KANDAL (AFP) – A giant, snarling gorilla rears from the peaceful paddy fields on the outskirts of the Cambodian capital Phnom Penh, made entirely from old tyres by a Cambodian artist keen to encourage others to reuse materials in their work.
Mean Tithpheap used 500 bicycle and motorbike tyres to create the 2.5-metre King Kong over five weeks with two helpers. The 37-year-old artist, who studied at fine art school in Phnom Penh, has been turning tyres into sculptures for four years.
He has made around 40 statues for clients, including King Kongs, elephants, lions, cobras and garudas – a mythical man-bird creature.
Tithpheap said he hoped others would follow his example and put discarded rubber and plastic to creative use so that it does not pollute the environment.
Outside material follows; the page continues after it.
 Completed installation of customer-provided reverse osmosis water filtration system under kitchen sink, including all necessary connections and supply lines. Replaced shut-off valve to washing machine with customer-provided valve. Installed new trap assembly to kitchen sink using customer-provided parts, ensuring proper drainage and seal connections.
“I have used old tyres of bicycles and motorbikes to make such animals because these tyres are waste and if we can recycle them, it will help the environment some,” Tithpheap told AFP.
Cambodia faces a huge and growing challenge in waste management, despite some government efforts.
The population is growing, income and consumption rising, and urbanisation spreading, but waste collection and treatment are not keeping up.
Effective recycling of plastic waste is nearly impossible in Cambodia, where plastic consumption is widespread and waste management infrastructure is lacking, so waterways and some green sites have become burgeoning heaps of garbage.
Tithpheap charges clients between USD2,000 and USD3,000 for a King Kong statue – his most popular model – depending on the size.
He is also working on a Captain America statue for a cafe, while the entrance to his workshop is guarded by a giant cobra, also made of tyres.